The high-volume nature of coffee service presents the second, deeper challenge of going tip-free. As I discussed in my 2014 SCAA Symposium speech, there is a concept called ‘emotional labor’ which explains the work that is done to put on a smiling, shining hospitality presentation for every guest. Emotional labor is magnified when you have to put on that performance for dozens or hundreds of guests in a row, which means providing consistently high-hospitality service to every guest a particular challenge for coffee service. As I explore in the talk and Truby’s post elegantly shows, the only way to really sustain that sort of service commitment over the long term is for a service professional to deeply feel the love—for their caring hospitality to be a genuine performance of their internal feelings for all guests.
And here we arrive at perhaps the strongest argument against tipping: the true professional service worker is already valuing their guests beyond a tip, and conversely, truly professional hospitality is already being rewarded with outsize tips (excepting the complication I explored in part one).

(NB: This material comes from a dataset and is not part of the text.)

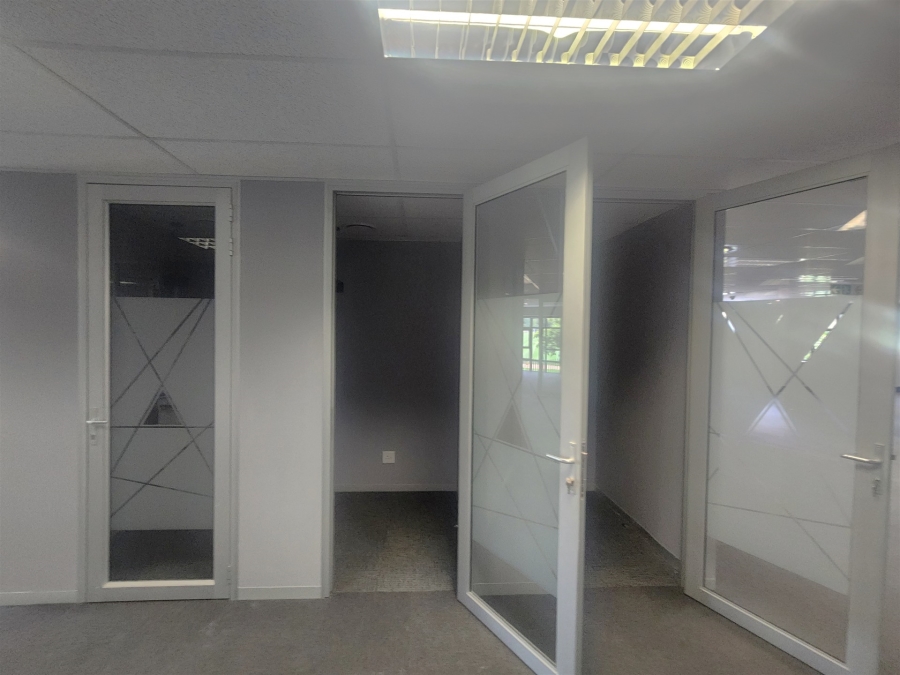 To Let Commercial Property for Rent in Wierda Valley Gauteng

The economic dynamic of the social exchange of service is already de-emphasized with professional hospitality, so why not take it further out of the equation with a fixed service fee?
That is, assuming that one can reliably train up, maintain and organizationally support a staff capable of giving that level of service and hospitality to every guest. Because nothing is going to rankle a guest more than having their level of social obligation for service dictated to them by a service fee, and then not receiving the expected high level of hospitality in return.
This then is the case for a tip-free cafe: it holds the service of the place to a higher standard of hospitality and professionalism. Because of the high-volume, high-emotional labor nature of coffee work, this is a particular challenge, and in its ability to amplify emotional rewards, potentially a huge boon.
Speaking from experience, working in an establishment and with a team capable of providing that level of hospitality to guests is a unique thrill, with immense potential emotional rewards. If a service fee can enable staff at such an establishment to more reliably be paid a professional wage, and help focus priorities towards these higher, more human rewards of service, then why not?